Aaron Jungreis’ Rosewood Realty Group — considered the go-to brokerage for rent-stabilized apartment building and portfolio sales — saw its dollar volume drop roughly $1 billion from 2018. The firm slid from No. 5 that year to No. 9 in 2019.
“The headwinds were very clear. We had a tough year,” said Jungreis, who recently launched a national division to do deals outside the five boroughs in response to the new law.
GFI Realty Services took the No. 17 spot on TRD’s ranking in 2018 but fell out of the top 20 this past year. Company president Michael Weiser said, in a tough market like this, brokers look to branch out to markets outside New York City or in different asset classes, like industrial.
“Basically you adapt and refocus,” he said, noting that maintaining morale is essential in the current market. “Definitely when it’s down, you keep the bar fully stocked at all times.”
Broker moves
The broker landscape wasn’t as volatile in 2019 as it had been in years past, but there were still some significant moves that shook things up.
The merger of JLL and HFF, for example, produced some friction: A number of JLL’s legacy brokers left, including Mo Beler, managing director of the New York Capital Markets team, as well as brokers Anthony Ledesma, Yoav Oelsner and Glenn Tolchin.
Eastdil Secured also beefed up its ranks in an attempt to regain some of the market share it lost when top dealmakers Harmon and Spies left for Cushman in 2016.
In January, the firm hired Gary Phillips from Allianz of America, where he had been head of acquisitions. And in June, Will Silverman and Matt McCoy left Hodges Ward Elliott to join Eastdil, which in October finalized its management-led buyout financed by Singapore sovereign wealth fund Temasek and U.S.-based Guggenheim Investments.
Eastdil’s hires had a ripple effect. The company’s team of Brett Siegel, Evan Layne and Jean Celestin left the brokerage for Newmark Knight Frank, where they are heading up the investment sales team.
Other firms are seeing tangible returns from big hires in recent years.
Meridian Capital Group, for example, saw its investment sales volume climb nearly 14 percent last year to $1.25 billion. The company’s president, Yoni Goodman, said his firm benefited from recent hires like Amit Doshi and Adam Hess, who both joined the company in 2018.
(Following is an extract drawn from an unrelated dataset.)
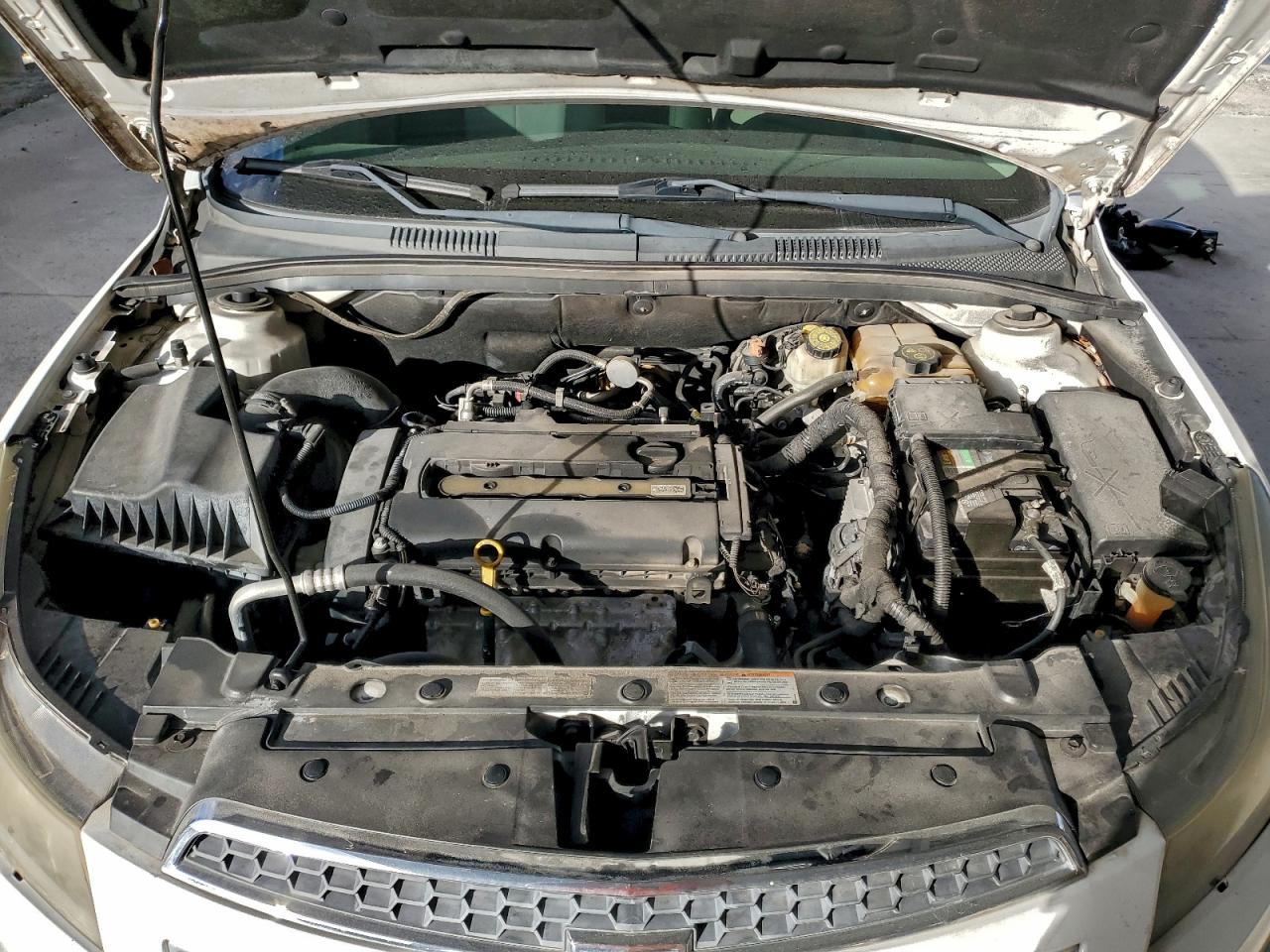 2011 CHEVROLET CRUZE LS photo 11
“It was a combination of the great brokers we started with and some of the new brokers really jiving,” he said.
Some of the top dealmakers said they’re seeing that a lot of new, inexperienced brokers who jumped into the business when the market was hot a few years ago are now getting weeded out.
“In a rising market, any investment sale broker can be successful,” Goodman said. “This market, candidly, requires better brokers.”
Future forecasts
In the midst of a disappointing year, the industrial sector turned out to be the one bright spot.
Industrial was the only major category of properties that saw an increase in activity, as the total dollar volume of sales jumped 44 percent to $3.5 billion, up from $2.4 billion in 2018, according to RCA. The explosion of e-commerce is driving investment into warehouses and logistics centers, and it’s also bringing more brokers into the space.
Joshua Kleinberg, an industrial broker at Cushman, said he’s seeing more people interested in becoming industrial brokers now.
“Five years ago, those guys were all wanting to be retail brokers. Before that, they were all wanting to be office brokers,” Kleinberg said. “The young guys coming out of college right now all want to be industrial brokers.”
Others are hopeful that the market will turn around this year.
JLL’s Bob Knakal said that 2019 ended with a bump in sales, one that makes him “hopeful that 2020 sees a turnaround” in sales figures, but he declined to comment further.
Marcus & Millichap’s Anton said much will depend on how city and state regulations shake out.
He said it’s not clear, for example, if state lawmakers will revise the new rent law or if tougher legislation like the proposal for a so-called “commercial rent control” measure will move forward.
The city’s investment sales brokers, he said, are still trying to find out if things will get better for the industry before they get worse.
“You ask the smartest guys in the room and they don’t know,” Anton said.